Handling is well above any MV out there, I have driven all the MV's out there. When I look at the clean independent suspension on our Sharan I am reasured and looking at the transverse arm on most MV's I know I have the better handling one. Brake wise our Sharan has huge Audi S3 calipers and rotos that bring our Sharan to a halt with resurance. Engine wise our Sharan has the trusty 1.8T with a huge front mounted intercooler, when it came out to tunning it happens to achieve Audi S3 numbers with simple VAG programming. Unfortunately at 225hp I had not all the torque readily available so I decided to tone down things to a mere 200hp and plenty of torque from the get go. Unfortunately as fast as our Sharan was we broke the gearbox, a new gearbox set us back $4k yet is the best MV out there.
Interior wise I have 7 bucket seats, I can move the configuration as I please.
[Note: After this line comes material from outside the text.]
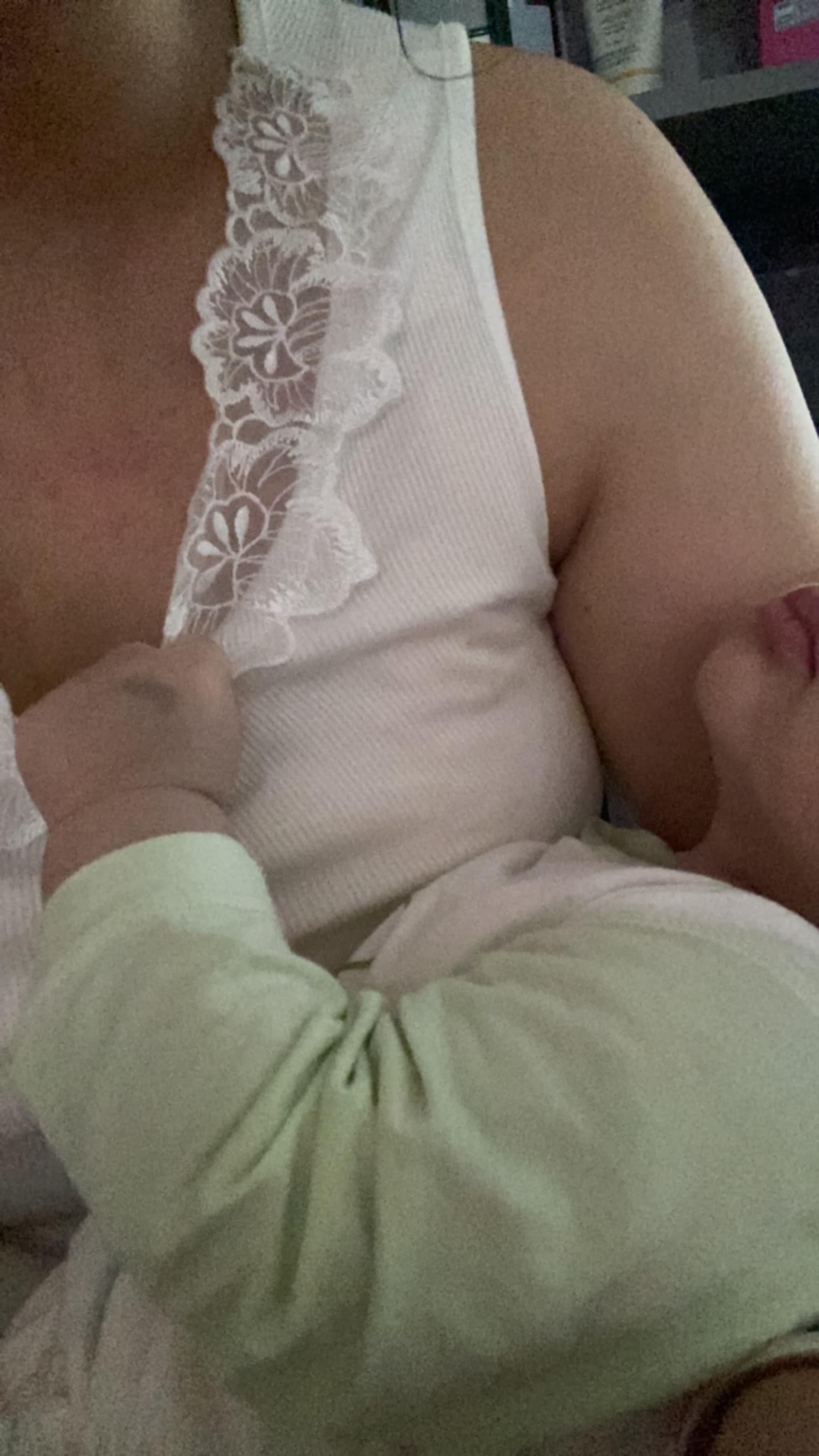 怕妈妈跑了，抓紧她的衣服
I usually have it set at 4 seats. Most MV's bring benches making things quite difficult inside.
But last, I drove the new Chrysler/Dodge MV and is as dissapointing as anything else out there. Just the fact of sliding doors take too much space inside, benches, once again not very wise. Handling is not half the Sharan and despite a big engine, its not fast and actually the engine feels very rural.
I travel quite a lot, with friends and family, they usually take their Hondas, Chrysler, MV's to mention the most competent ones, because the Ford and GM MV's are a lost cause. We are faster, we have more space, we usually end up carrying some one or a couple or people from the other MV's and we have the better handling MV.
This gets better, at 2500 meters of altitude that we are in Puebla I decided to race a Cayenne V6 with our Sharan, we ate the Cayenne alive up to 100 mph, after that the Sharan doesn't have much I have to admit it, but in the range of 60-90 mph no MV or SUV comes close. I go to Acapulco once a month or so, going down the 2500 meters most cars go fast is in the come back when I can forsee the advantages of our Sharan, we pass the Hondas, Toyotas, Explorers like they are standing still.
But to round up the question, the Chrysler is a sub par product period, its known and its true. So a rebadged Chrysler is not going to make for me. If things get bad with my Shrana I go Japanese or maybe an MB Sprinter.


----------



## DCubed (Oct 25, 2004)

*Re: (frissen2000)*

Sprinters are nice, I do not know what spec they ship to MX, but I hear the new V6 CDI in there is very accepting of tuning programs...mmm torque!


----------



## Seyfarth (Nov 11, 2002)

Nice toy collection Frissen. Niiiice!


----------



## carfanguy (Aug 12, 2005)

Isnt the sharan a ford?


----------



## Talareno (Jun 5, 2003)

*Re: (audivwdave)*

Nice looking wife & collection of cars. The way the Routan is being crucified on this forum makes me think it should be banished & never heard from again. I have to believe that VW is reading the postings on the Vortex & if they're smart they'd agree w/ most of what's said, the fact is that the Routan is NOT an VW, period. Being involved firsthand w/ co.'s that ship product b/w the US & Europe the devaluation of the dollar would kill any European-sourced minivan; Mexico-built product supplied to the US is perfectly cost-competitive though (unless the trans/engine is shipped from Europe). Long-term VW better sell a true VW minivan; haven't driven the new Chryser van but have had seat time in GM & Honda minivans and, assuming Chrysler are similar to GM, the Honda is superior in both handling & engine performance (my sister's 99 Odyssey did require trans replacement under warranty, a definite weak point); I wonder what weak points the Routan will have...
Been wondering b/c I've seen this in Mexico in-person; why do plates come in two shapes: US-style like on your Sharan & European-style like on the Mercedes?


----------



## gti_matt (Oct 9, 1999)

*Re: (audivwdave)*


_Quote, originally posted by *audivwdave* »_Isnt the sharan a ford?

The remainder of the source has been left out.